Organisatorische Änderungen senken die Lohnstückkosten
„Die einfache Mathematik – mehr Produktivität ist gleich weniger Arbeitsplätze – ist falsch. Eine effizientere Produktion macht uns in Summe als Unternehmen am Markt erfolgreicher und nur das sichert Beschäftigung“, ist Stephan Plenz, Leiter des Heidelberg-Produktionsverbundes, überzeugt. Sein Ziel ist die kontinuierliche Senkung der Lohnstückkosten, allerdings nicht durch die Verlagerung der Produktion ins Ausland, sondern durch Eingriffe in die Prozesskette, wenn sich diese als ineffizient erweist. Der Exportanteil der Heidelberger Druckmaschinen AG liegt bei 85%, die Wertschöpfung vollzieht sich größtenteils am Standort Deutschland.

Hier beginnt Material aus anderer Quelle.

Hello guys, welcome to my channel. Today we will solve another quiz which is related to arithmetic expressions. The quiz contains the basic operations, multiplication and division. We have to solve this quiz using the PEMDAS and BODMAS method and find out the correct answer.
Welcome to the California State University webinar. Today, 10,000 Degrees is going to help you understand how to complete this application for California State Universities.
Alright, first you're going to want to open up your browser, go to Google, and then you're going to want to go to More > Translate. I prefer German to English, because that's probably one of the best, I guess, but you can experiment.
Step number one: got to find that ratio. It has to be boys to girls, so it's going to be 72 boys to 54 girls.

„Wir wollen uns jeden Tag ein Stück verbessern. Dafür braucht man Mitarbeiter, die verstanden haben: Wie optimiere ich Prozesse, ohne ein Stück Qualität zu riskieren?“, so Plenz. Die Veränderung, die Fähigkeit zur Anpassung an wechselnde Anforderungen, die ständige Suche nach praktikableren Lösungen steht bei Heidelberg auf der Tagesordnung. Die „atmende Fabrik“ – was noch vor wenigen Jahren so philosophisch anmutete – ist inzwischen bodenständige Praxis geworden.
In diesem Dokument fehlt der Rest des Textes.